- Directions -
Please print exactly the lines from the one containing "Robe Jersey Courte Style T-Shirt" through the last line of the records, and only those. Leave out any pictures.

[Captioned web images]
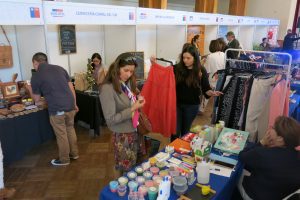 SERCOTEC inauguró feria de navidad en apoyo a pymes afectadas con estallido social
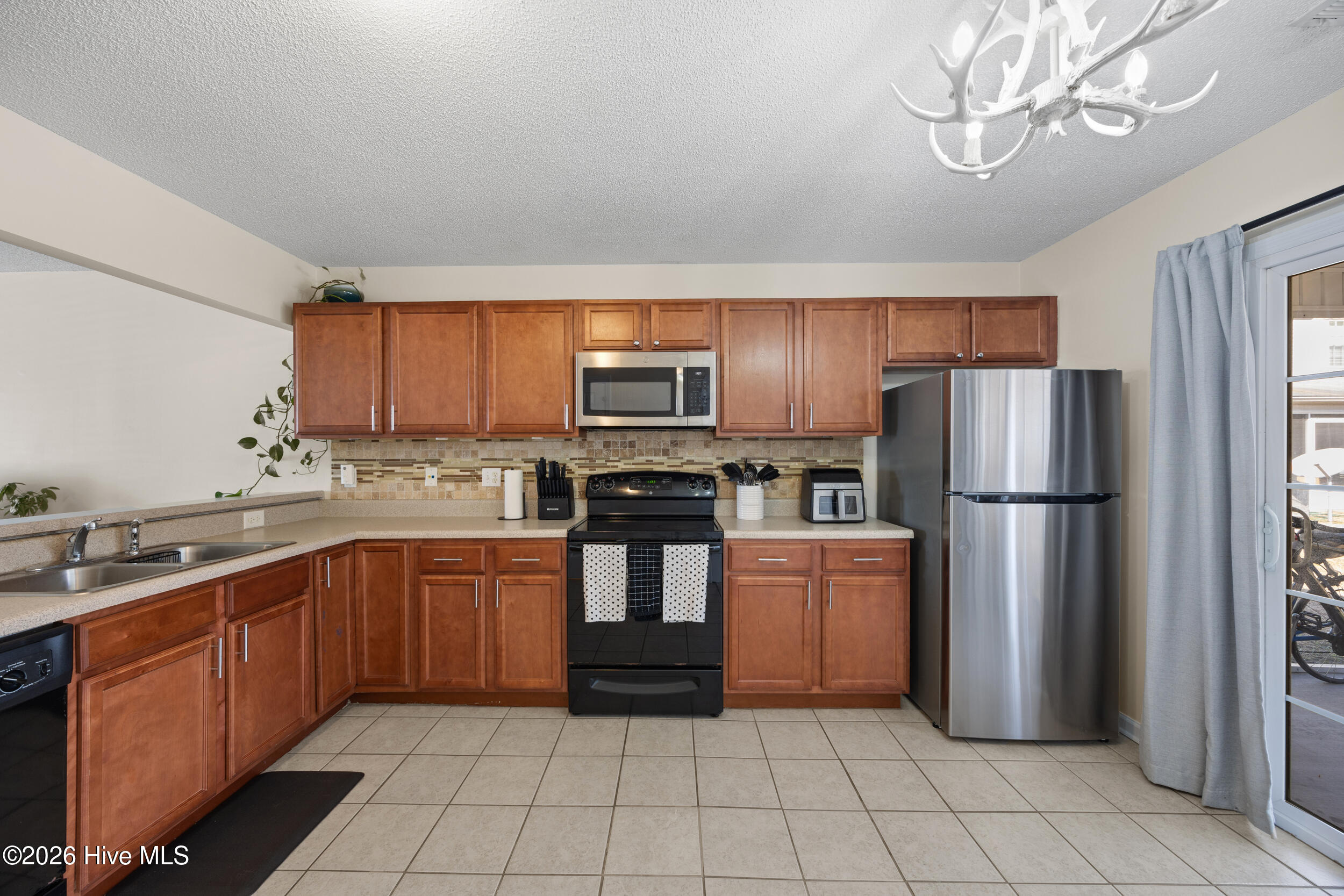 2006 Grandeur Avenue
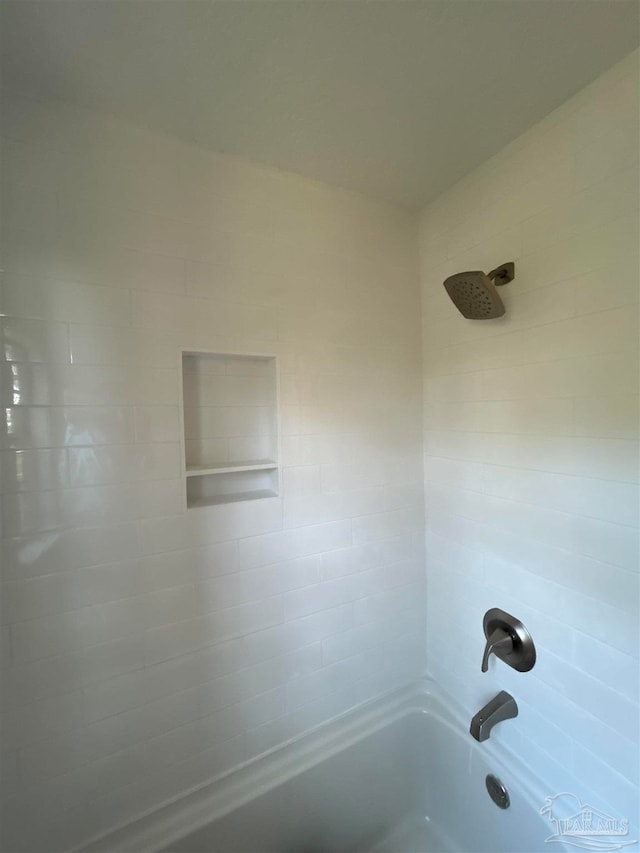 bathroom featuring tiled shower / bath combo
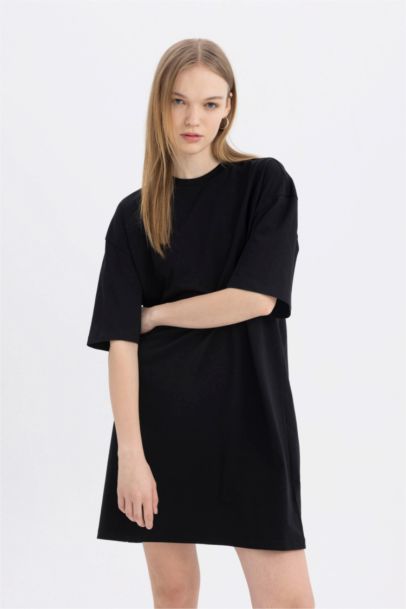 Robe Jersey Courte Style T-Shirt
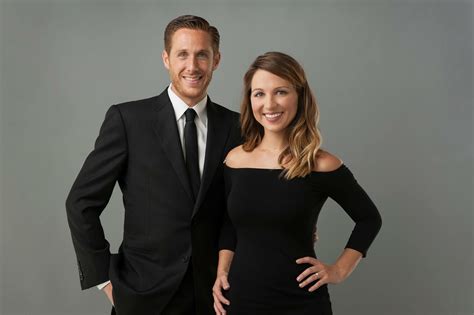 Real Estate Professional Portraits Poses Professional Headshots Women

- Solution for this task -
 Robe Jersey Courte Style T-Shirt
 Real Estate Professional Portraits Poses Professional Headshots Women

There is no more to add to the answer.